Con alegría me uno a vosotros al término de esta vigilia mariana, siempre sugestiva, con la que se concluye en el Vaticano el mes de mayo en la fiesta litúrgica de la Visitación de la Santísima Virgen María. Saludo con afecto fraterno a los cardenales y obispos presentes, y doy las gracias al arcipreste de la Basílica, monseñor Angelo Comastri, quien ha presidido la celebración. Saludo a los sacerdotes, las religiosas y religiosos, en particular a la monjas del Monasterio Mater Ecclesieae del Vaticano; igualmente, a las muchas familias que participan en este rito. Meditando los Misterios Gozosos del Santo Rosario, habéis subido a esta colina donde habéis revivido espiritualmente, en el relato del evangelista Lucas, la experiencia de María, que desde Nazaret de Galilea «se puso en camino hacia la montaña» ( Lc 1,39) para llegar a una aldea de Judá donde vivía Isabel con su marido Zacarías.
¿Qué impulsó a María, una muchacha joven, a afrontar aquel viaje? ¿Qué, sobre todo, le empujó a olvidarse de sí misma para pasar los primeros tres meses de su embarazo al servicio de su prima, necesitada de ayuda? La respuesta está escrita en un Salmo: «Corro por el camino de tus mandamientos, [Señor], pues tú mi corazón dilatas» ( Sal 118,32). El Espíritu Santo, que hizo presente al Hijo de Dios en la carne de María, dilató su corazón a las dimensiones del de Dios y le impulsó por la vía de la caridad. La Visitación de María se comprende a la luz del acontecimiento que le precede inmediatamente en el relato del Evangelio de Lucas: el anuncio del Ángel y la concepción de Jesús por obra del Espíritu Santo. El Espíritu Santo fue sobre la Virgen, el poder del Altísimo le cubrió con su sombra (v. Lc 1,35). Aquel mismo Espíritu le impulsó a «levantarse» y a partir sin tardanza (v. Lc 1,39), para ser de ayuda a su anciana pariente. Jesús apenas ha comenzado a formarse en el seno de María, pero su Espíritu ya ha llenado su corazón, de forma que la Madre comienza ya a seguir al Hijo divino: en el camino que de Galilea conduce a Judá es el mismo Jesús el que «impulsa» a María, infundiéndole el ímpetu generoso de salir al encuentro del prójimo que tiene necesidad, el valor de no poner por delante las propias y legítimas exigencias, dificultades, peligros para su propia vida. Es Jesús quien le ayuda a superar todo dejándose guiar por la fe que actúa por la caridad (v. Ga 5,6).

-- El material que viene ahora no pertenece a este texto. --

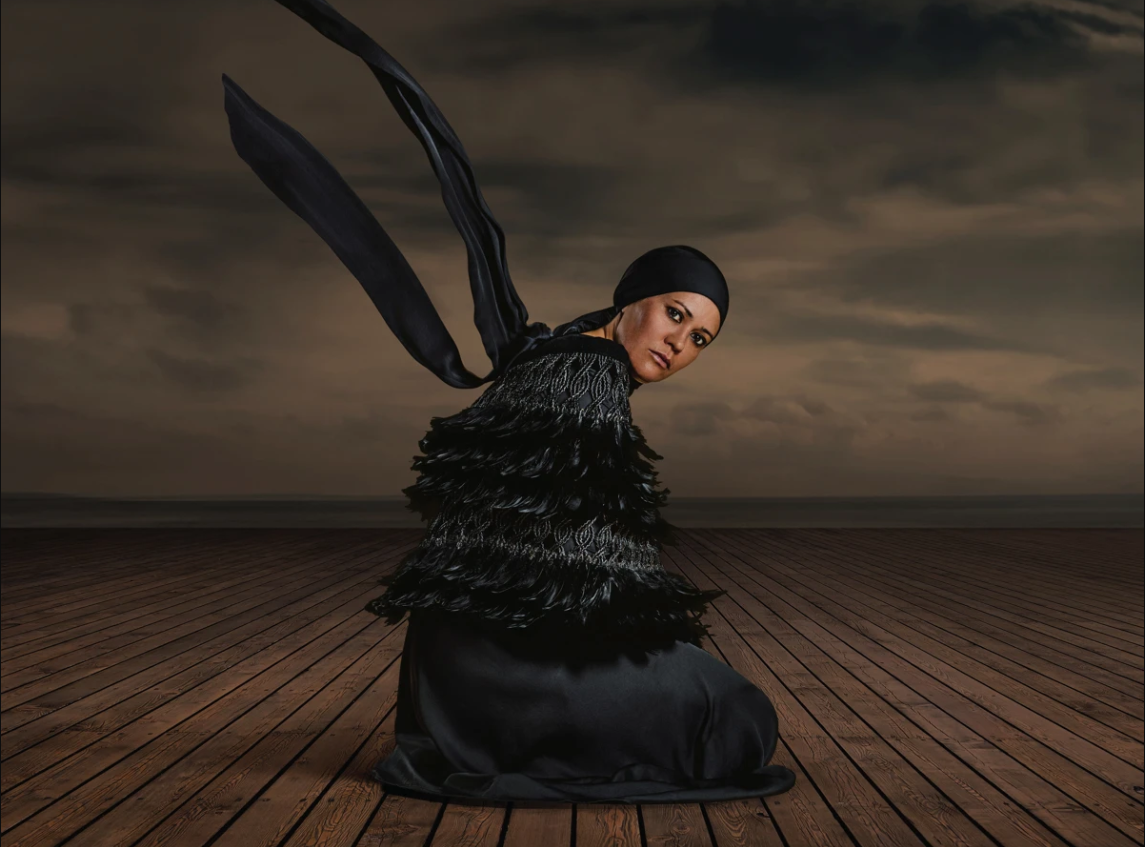 Tiri: Te Araroa Woman Far Walking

Meditando este misterio, vemos bien qué significa que la caridad cristiana sea una virtud «teologal». Vemos que el corazón de María es visitado por la gracia del Padre, es penetrado por la fuerza del Espíritu e impulsado interiormente por el Hijo; esto es, vemos un corazón humano perfectamente introducido en el dinamismo de la Santísima Trinidad. Este movimiento es la caridad, que en María es perfecta y se convierte en modelo de la caridad de la Iglesia, como manifestación del amor trinitario (Encíclica Deus caritas est, 19). Todo gesto de amor genuino, también el más pequeño, contiene en sí un destello del misterio infinito de Dios: la mirada de atención al hermano, hacerse cercano a él, compartir su necesidad, atender sus heridas, la responsabilidad por su futuro, todo, hasta en los más mínimos detalles, se hace «teologal» cuando está animado por el Espíritu de Cristo. Que María nos obtenga el don de saber amar como Ella supo amar. A María confiamos esta singular porción de la Iglesia que vive y trabaja en el Vaticano; le confiamos la Curia Romana y las instituciones a ella ligadas, para que el Espíritu de Cristo anime todo deber y todo servicio. Pero desde esta colina ampliamos la mirada a Roma y al mundo entero, y oramos por todos los cristianos, para que puedan decir con San Pablo: «el amor de Cristo nos apremia», y con la ayuda de María sepan difundir en el mundo el dinamismo de la caridad.
Os agradezco nuevamente vuestra devota y calurosa participación. Llevad mi saludo a los enfermos, a los ancianos y a cada uno de vuestros seres queridos. A todos imparto de corazón mi Bendición Apostólica.